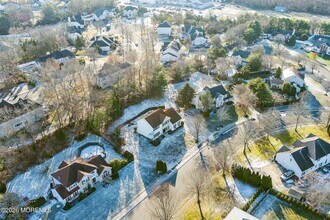 1217 Wilkinson Dr in Toms River, NJ - Building Photo - Building Photo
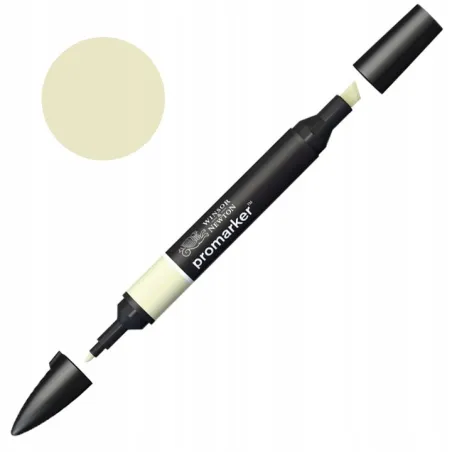 PROMARKER PASTEL BEIGE WINSOR&NEWTON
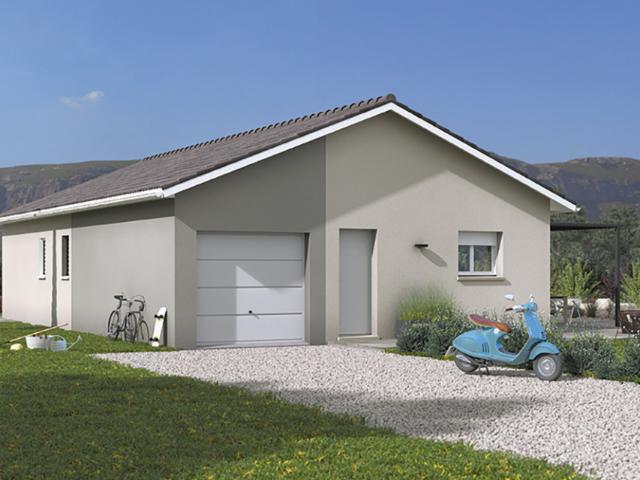Maison vente à Yssingeaux, Bas-en-basset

------------------------------

- [Description of the task] Output the full material above exactly, leaving every picture out.

- [Exercise answer]
 1217 Wilkinson Dr in Toms River, NJ - Building Photo - Building Photo
 PROMARKER PASTEL BEIGE WINSOR&NEWTON
Maison vente à Yssingeaux, Bas-en-basset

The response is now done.